» **What needs to be done**
Begin at the line below that contains "Brick Red Notch". Repeat it and all remaining lines of the records exactly.

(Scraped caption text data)
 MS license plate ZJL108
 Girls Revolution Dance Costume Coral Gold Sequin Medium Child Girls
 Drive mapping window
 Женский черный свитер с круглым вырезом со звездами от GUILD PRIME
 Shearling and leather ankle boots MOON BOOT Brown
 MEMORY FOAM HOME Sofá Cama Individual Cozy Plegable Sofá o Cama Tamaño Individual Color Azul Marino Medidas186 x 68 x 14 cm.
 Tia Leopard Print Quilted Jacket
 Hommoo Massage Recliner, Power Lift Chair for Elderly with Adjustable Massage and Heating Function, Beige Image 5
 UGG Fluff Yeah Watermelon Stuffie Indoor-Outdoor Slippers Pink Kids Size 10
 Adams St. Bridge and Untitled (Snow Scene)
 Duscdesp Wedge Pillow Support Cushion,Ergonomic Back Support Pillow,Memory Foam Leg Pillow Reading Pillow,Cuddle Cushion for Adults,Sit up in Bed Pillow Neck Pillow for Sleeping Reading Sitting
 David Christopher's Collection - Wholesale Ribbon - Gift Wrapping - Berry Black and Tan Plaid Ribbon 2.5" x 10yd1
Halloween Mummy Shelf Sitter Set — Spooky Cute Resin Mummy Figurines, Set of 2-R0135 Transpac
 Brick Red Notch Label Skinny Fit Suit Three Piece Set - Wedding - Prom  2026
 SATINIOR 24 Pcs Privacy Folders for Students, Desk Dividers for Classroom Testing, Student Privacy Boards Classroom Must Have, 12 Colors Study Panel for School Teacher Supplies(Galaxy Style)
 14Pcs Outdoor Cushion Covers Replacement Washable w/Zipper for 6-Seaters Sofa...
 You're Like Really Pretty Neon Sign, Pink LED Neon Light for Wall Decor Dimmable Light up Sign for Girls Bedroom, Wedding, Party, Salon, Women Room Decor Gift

» **Written response**
 Brick Red Notch Label Skinny Fit Suit Three Piece Set - Wedding - Prom  2026
 SATINIOR 24 Pcs Privacy Folders for Students, Desk Dividers for Classroom Testing, Student Privacy Boards Classroom Must Have, 12 Colors Study Panel for School Teacher Supplies(Galaxy Style)
 14Pcs Outdoor Cushion Covers Replacement Washable w/Zipper for 6-Seaters Sofa...
 You're Like Really Pretty Neon Sign, Pink LED Neon Light for Wall Decor Dimmable Light up Sign for Girls Bedroom, Wedding, Party, Salon, Women Room Decor Gift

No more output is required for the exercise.